In his ruling, Laster concluded Koch initially hired Boston-based Mintz Levin to serve as his personal counsel but later modified the firm's engagement letter so Mintz Levin represented Oxbow. Oxbow Carbon promotes itself as one of the world's largest recyclers of refinery and natural gas byproducts.

“I personally believe Koch wanted Oxbow's counsel to be loyal to him, liked the idea that Mintz Levin would be in a position to run Oxbow's internal investigations into Koch's perceived adversaries, and understood that the minority members would effectively pay one-third of Mintz Levin's fees,” Laster wrote in an Aug. 1 decision.

Hurst and Volpert, who have served as Oxbow directors since Crestview first invested in the company in 2007, said in their complaint that Koch had a history of using Oxbow as “his own personal ATM” and used company resources to fund at least some of the costs of a “lavish, celebratory post-trial vacation” for Mintz Levin attorneys at the Chatham Bars Inn on Cape Cod. Current room rates start at $359 a night.

The purpose of their books-and-records suit, they said, was to identify any other alleged sources of corporate waste and to determine whether the Oxbow board took any steps to remedy potential breaches of fiduciary duty.

Hurst and Volpert said Koch's personal attorneys admitted Oxbow paid Mintz Levin more than $31 million over three years while the firm was advancing Koch's personal interests.
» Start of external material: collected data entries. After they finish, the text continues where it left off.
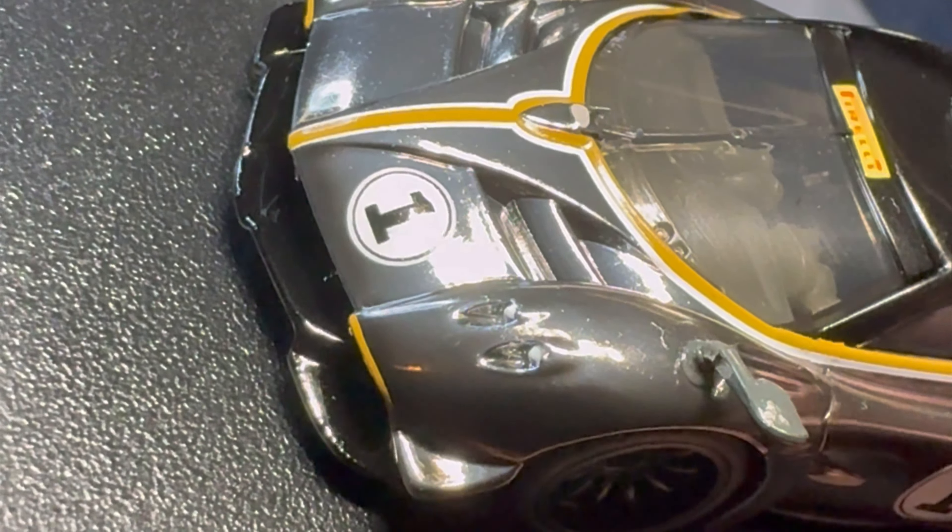The engine bay could be a little more detailed given how nicely the rest of the car is done, but it's not terrible. All in all, Mattel did a really good job with this casting. Glad I grabbed a couple — it's a first-time casting, interesting to see where they go with it. The engine cover locks via posts that slide into inlets on the car — push it in, push it down, and it's locked. Crazy.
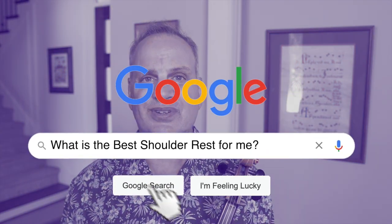Hi everybody! What do all violin players and viola players have in common? Well, we are always searching for a really good and comfortable shoulder rest.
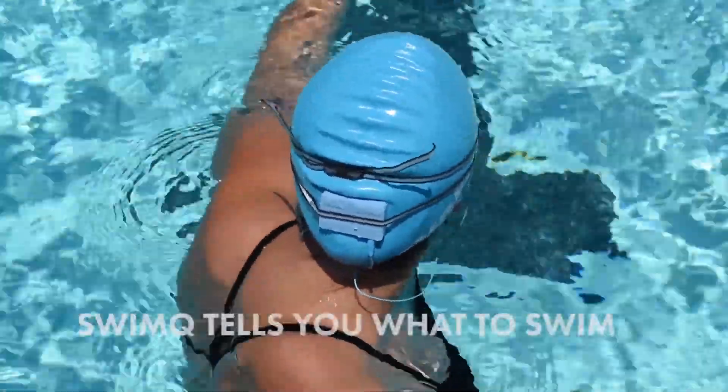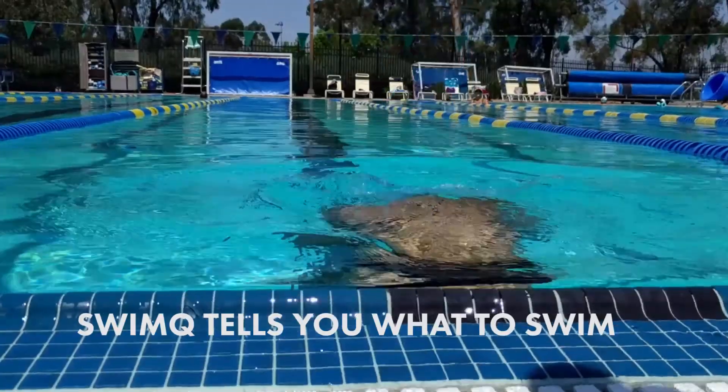Let's begin with four lengths of freestyle. Start swimming in 3, 2, 1, go.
However, they alleged Oxbow and lawyers for Koch refused to turn over any documents supporting that figure. The actual cost, Crestview estimated, could be as much as $50 million based on amounts reflected in Oxbow's financial statements for “certain items.”
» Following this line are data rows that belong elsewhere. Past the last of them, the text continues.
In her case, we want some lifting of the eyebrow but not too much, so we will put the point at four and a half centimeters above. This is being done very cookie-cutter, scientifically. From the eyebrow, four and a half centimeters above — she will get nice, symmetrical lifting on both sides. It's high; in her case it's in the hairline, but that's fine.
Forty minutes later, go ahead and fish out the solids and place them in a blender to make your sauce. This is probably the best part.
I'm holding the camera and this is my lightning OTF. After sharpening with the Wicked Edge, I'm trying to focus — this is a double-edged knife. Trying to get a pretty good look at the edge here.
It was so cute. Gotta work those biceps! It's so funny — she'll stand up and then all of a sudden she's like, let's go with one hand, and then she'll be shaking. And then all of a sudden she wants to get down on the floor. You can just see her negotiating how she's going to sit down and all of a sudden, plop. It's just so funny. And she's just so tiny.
“Plaintiffs are unable to determine the amount or justification for the company's spending on Mintz Levin or spending otherwise related to the exit sale litigation,” attorneys from Quinn Emanuel Urquhart & Sullivan wrote in the 21-page complaint.

“But whether the total amount of spending is $31 million or $50 million or more, the fact is that Mr. Koch chose to have Oxbow bear the costs of this spending rather than pay them himself. As a result, Crestview and Load Line 'indirectly bore one-third of the estimated' costs that Mr. Koch forced Oxbow to incur to litigate against Crestview and Load Line.”

Hurst and Volpert are represented by Michael B. Carlinsky, Chad Johnson, Jennifer Barrett and Silpa Maruri of Quinn Emanuel in New York.

An online docket-tracking service did not list counsel for Oxbow.

The case is Crestview-Oxbow Acquisition v. Oxbow Carbon.